__How to complete this task__
Please print, exactly, only the lines in the entries below from the line that has "Be a grateful boot boy. by lockedslaveboy030" through the line that has "innerbit 'I Am". Pictures don't go in.

__Data supplied__
---------------

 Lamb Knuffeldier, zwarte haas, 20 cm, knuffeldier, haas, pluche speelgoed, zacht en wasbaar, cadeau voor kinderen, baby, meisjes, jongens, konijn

---------------

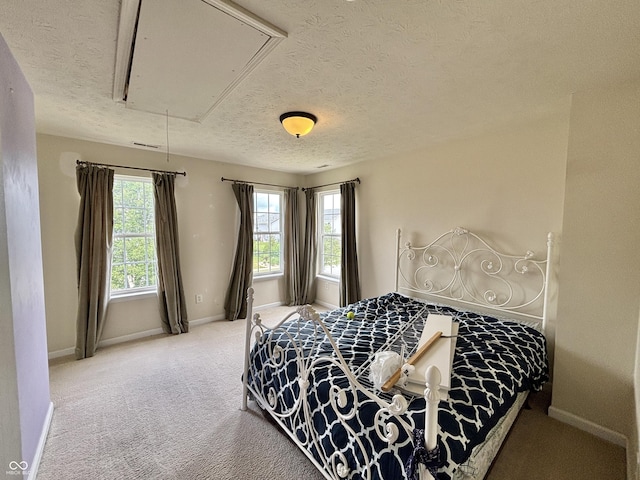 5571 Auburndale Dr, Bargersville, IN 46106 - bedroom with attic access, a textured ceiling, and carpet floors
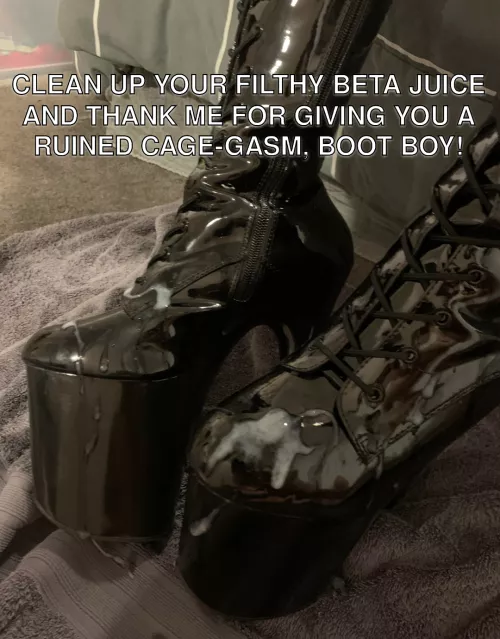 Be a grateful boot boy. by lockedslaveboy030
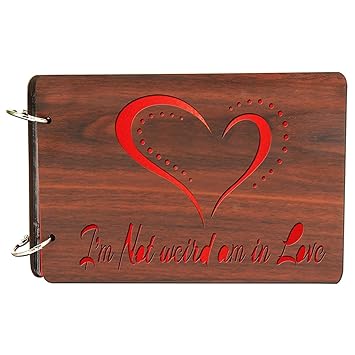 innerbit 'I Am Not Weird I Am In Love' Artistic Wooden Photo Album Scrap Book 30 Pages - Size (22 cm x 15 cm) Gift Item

---------------

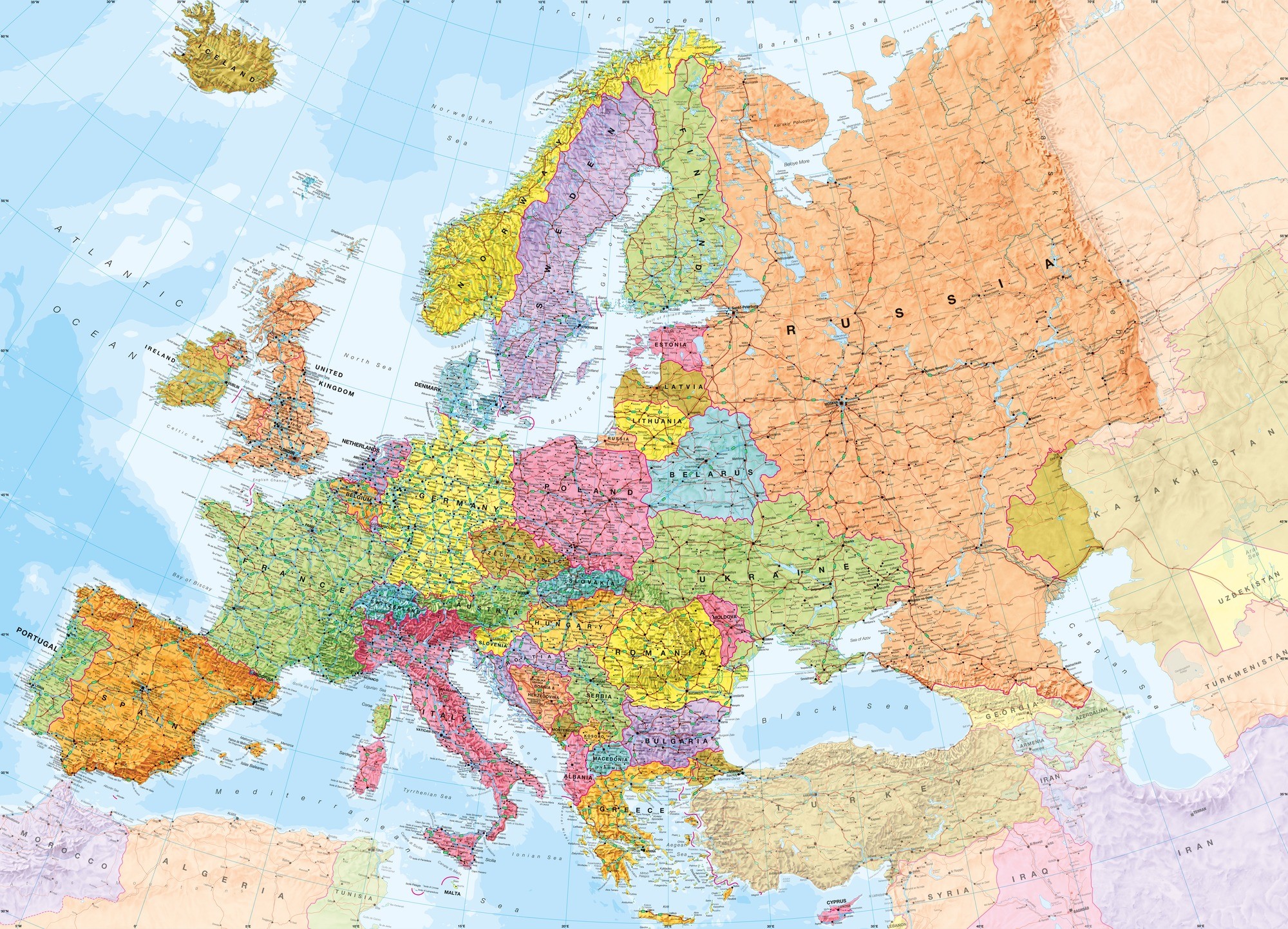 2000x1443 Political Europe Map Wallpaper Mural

---------------

__Your response__
 Be a grateful boot boy. by lockedslaveboy030
 innerbit 'I Am Not Weird I Am In Love' Artistic Wooden Photo Album Scrap Book 30 Pages - Size (22 cm x 15 cm) Gift Item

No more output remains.